Obviously, observe safety, and don't let anyone touch the earth rod while using it.

Before using, you need to ascertain if the L hole on the plug socket is in fact live. If not, wire the live wire to N in the plug. One of those neon testers can be used to check for the live wire.

I can do that but is this not what my Toshino is doing (sort of)

Bright Red LED if NO Ground

No Red LED if 100% correctly grounded

And in my case I am getting a Dim Red LED.

What I am unable to interpret is what is the cause is,

How good (or bad) the Ground currently is (I suspect still very good but not 100%)

Although my Toshino is continuously testing my Grounding and tells me what is and what is not OK I do not actually know what it is actually, testing is it a certain level of continuity, or current leakage or what? I have no idea how its tests.

I do know (checked tonight that if there is a ground and live and neutral is reversed then ONLY the RED LED shines brightly and the Green is completely OFF.

If there is NO Ground at all then Green and Red LEDs are both on and the Toshino does not care which way round Live and Neutral is.

Once again this seems to confirm that my Ground Rod Grounding IS mostly functioning because if not at all then reversing live and neutral would show either Bright Red AND Bright Green or Just Bright Red when wrong way around.

Cheers, Dave

Posted (edited)

First check the main earth from the earth bar in the switchboard to the earth electrode, this should be not more than 0.5ohms. The earth connection should be visible for testing and inspection.

Check the earth contiuity from the earth bar to all points of the electrical installation.

If you have more than one electrode, bond them together (equipotential bonding).

Make sure that all power boards are earthed, ie have a 3 core lead, you could be receiving mild shocks from standing leakage current.

Carry out a polarity test of all your socket outlets, L to N, L to E. N to E. You should have a light on the first two only.

 

 

 

Edited by electau
Posted (edited)

OK so it seems that watering/fiddling with the earth electrode is having some effect. You may find even later all has been temporarily resolved.

To give an anology to a water system for electrics may help the understanding. Volts = Pressure, Amps = Flow, Ohms = Resistance. So if we look at your garden hose the flow of water out the end is controlled by the length/diameter of the hose (inbuilt resistance equivalent to size of wire) x the water pressure (volts) and controlled by the supply valve ( variable resistance). So for an earthing system you are looking for minmum resistance(ohms) to earth to maximise the potential flow (amps). I normally explain this on a whiteboard with suitable sketches, is my basic understanding of electricity for non electrical trades 101 course.

So with an earth system you are trying to ensure that the wiring system in the house has minimum resistance to the mass of the earth. This is achieved by the size of the earth wire, the connections within the wiring of the earth wire system (bad joints due to poorly twisted connections) the connection of the wire to the earth rod via the clamp and the quality of the connection between the earth rod and the mass of earth.
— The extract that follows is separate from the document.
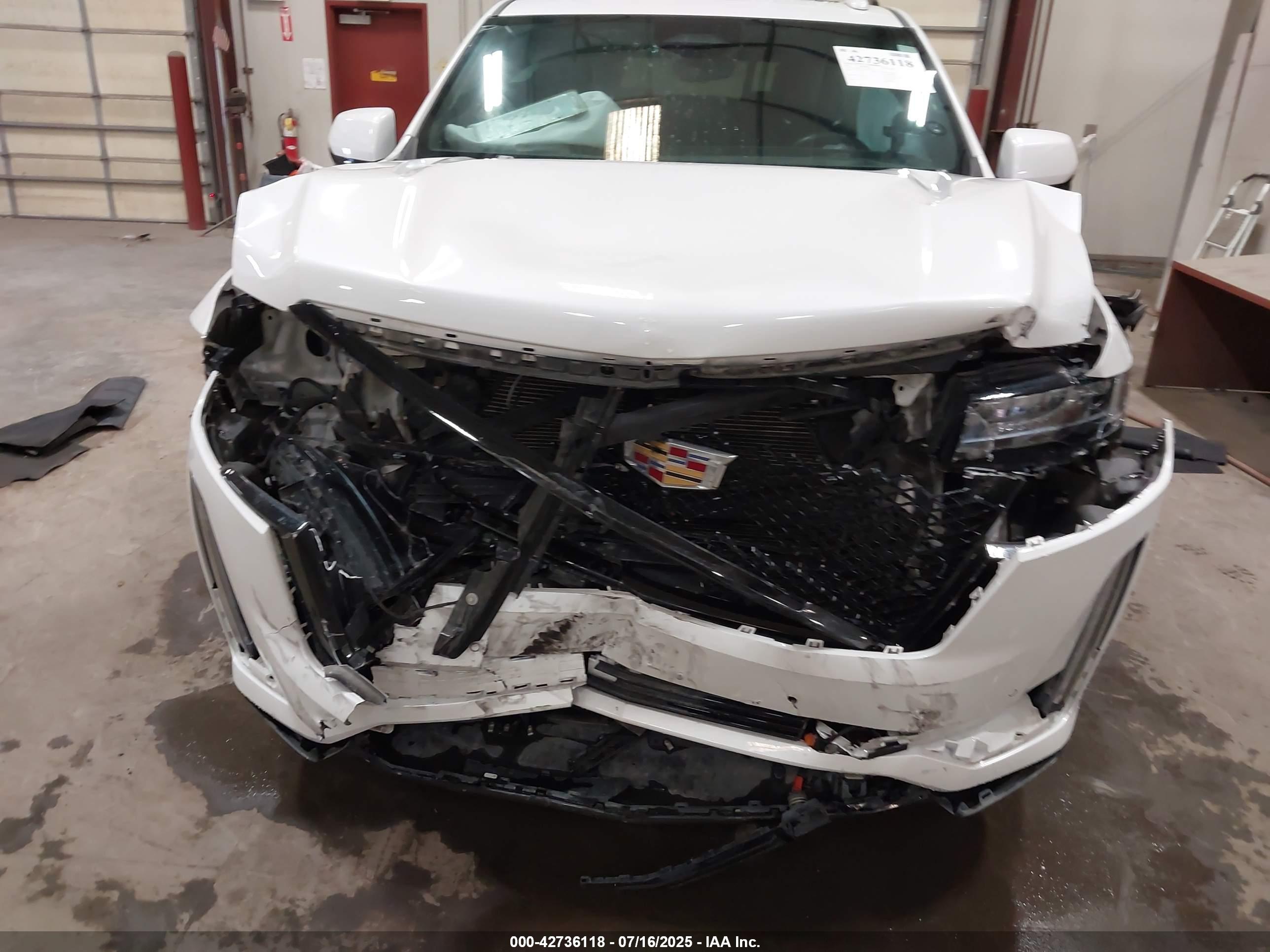 CADILLAC ESCALADE image 6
It sounds like by putting a bit of moisture in the area of the earth rod things have improved a bit, though it may have been the fiddling with the wire. OK all good as you now have a pretty good idea the area where the problem is in. So following the guide from Crossy redo the connection to the earth rod and install a box etc. NOTE: THE MAINS POWER TO BE OFF FOR THIS BIT. Sorry for the over emphasis on this, but the penalty for getting it wrong can be very permanent. Then give a bit more water to the area of the earth rod. What you are trying to do is ensure the length of the rod is in damp soil to ensure a good connection to the mass of earth. As a side note on this it is not that useful to install another earth rod in the same circumstances. So if installing another earth rod, best to ensure is somewhere that is kept damp.

Something to ba aware of with using a meter on ohms is that any stray voltages in the system will possibly cause a false reading. Is better if doing readings using the ohms function then turn the mains off. Also check your meter zero by shorting the leads before using, should show zero or very close to it.

Cheers

Edit for typo's

Edited by Litlos
Posted

No need for apologies Litlos reiterating safety advice. One can never be too cautious when messing with electricity.
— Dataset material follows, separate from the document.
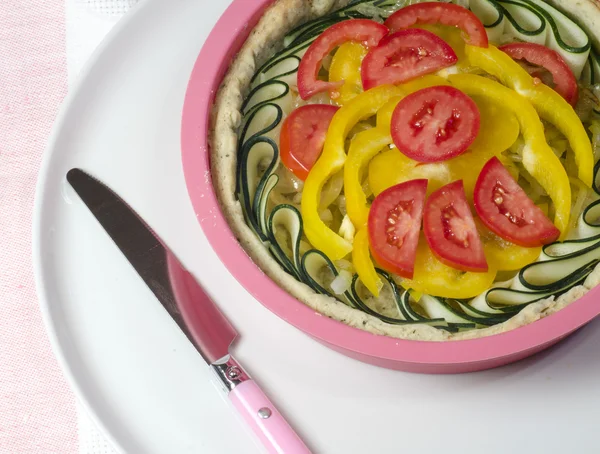 Processus de cuisson d'une tarte aux légumes . — Photo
Thanks for time time and detailed info.

I have now just done one of Crossy's tests

namely "Using your non-earth adaptor run a lead from its earth tab to a temporary ground stake, a big screwdriver in wet earth will do the trick, check the lights. If it works correctly suspect a poor ground".
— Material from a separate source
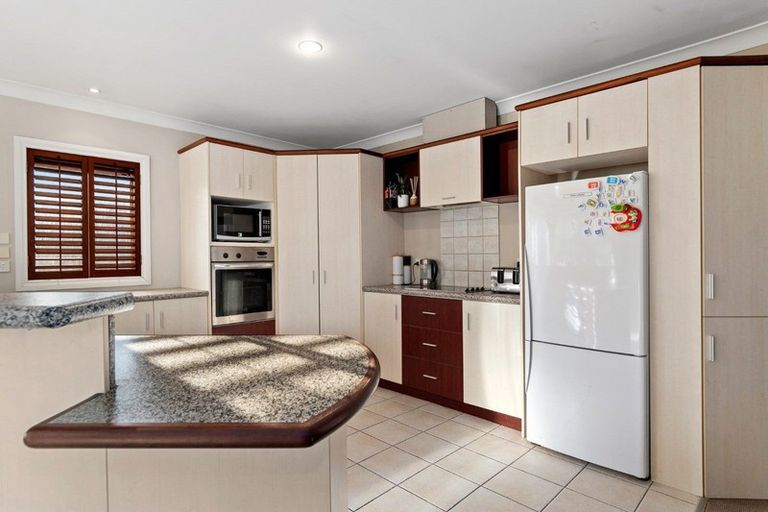 Photo of property in 2 Harbourside Way, Welcome Bay, Tauranga, 3112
No difference the red LED is still on be it VERY Dim and if I remove the Ground wire from the screwdriver the Red LED goes from dim to very bright.

WIth my New Toshino unit the Red LED is so dim that I have to have my eye very near it and room lighting dark or my hand shielding room light out to see it is one. The older Toshino it is no quite so dim but still 2-3 times dimmer than unit plugged into a 2 pin adapter..

I am certain I have Grounding in all power sockets and I feel certain it is pretty good. What I just do not yet understand is, why the Red LED is on be it VERY DIMLY, and I do not understand what that dim lit LED it is actually indicating is or could be wrong.

Is it tiny current leakage has not gone fully to rod in soil? IF SO, then I do not understand why my test of "all electricity in house" OFF at fuse boxes EXCEPT power sockets in Kitchen did cause the Red Led to go completely go off (instead of no change) after all how much current leakage could be in that one tiny kitchen (many sockets unused circuit).

I think the electrician may have put some lighting in same circuits as some power sockets. I have electronic charge units on 12 ring lights. Could any of that be relevant.

You can tell I am clutching at straws trying to understand problem I have, If of course the dim Red LED is not a false positive, BUT I feel that is not the case it is not, as it was fully out at Amcorns' work bench grounded power socket

Regards

Dave

Does not make sense to me, but that probably just proves I ain't no electrician or electrical expertlaugh.png .

Posted

Without proper test kit and the knowledge to use it I don't think there's a lot more can be done.

You DO appear to have an at least adequate ground, the very dim glow of the LED is likely nothing to worry about, probably a small voltage between E and N which is quite normal.

As a final test since you have a big screwdriver and a long lead. With the power ON (care please), measure AC Volts between the screwdriver (in the ground) and each pin of an outlet. Post the results here.

Posted (edited)

Without proper test kit and the knowledge to use it I don't think there's a lot more can be done.

You DO appear to have an at least adequate ground, the very dim glow of the LED is likely nothing to worry about, probably a small voltage between E and N which is quite normal.

As a final test since you have a big screwdriver and a long lead. With the power ON (care please), measure AC Volts between the screwdriver (in the ground) and each pin of an outlet. Post the results here.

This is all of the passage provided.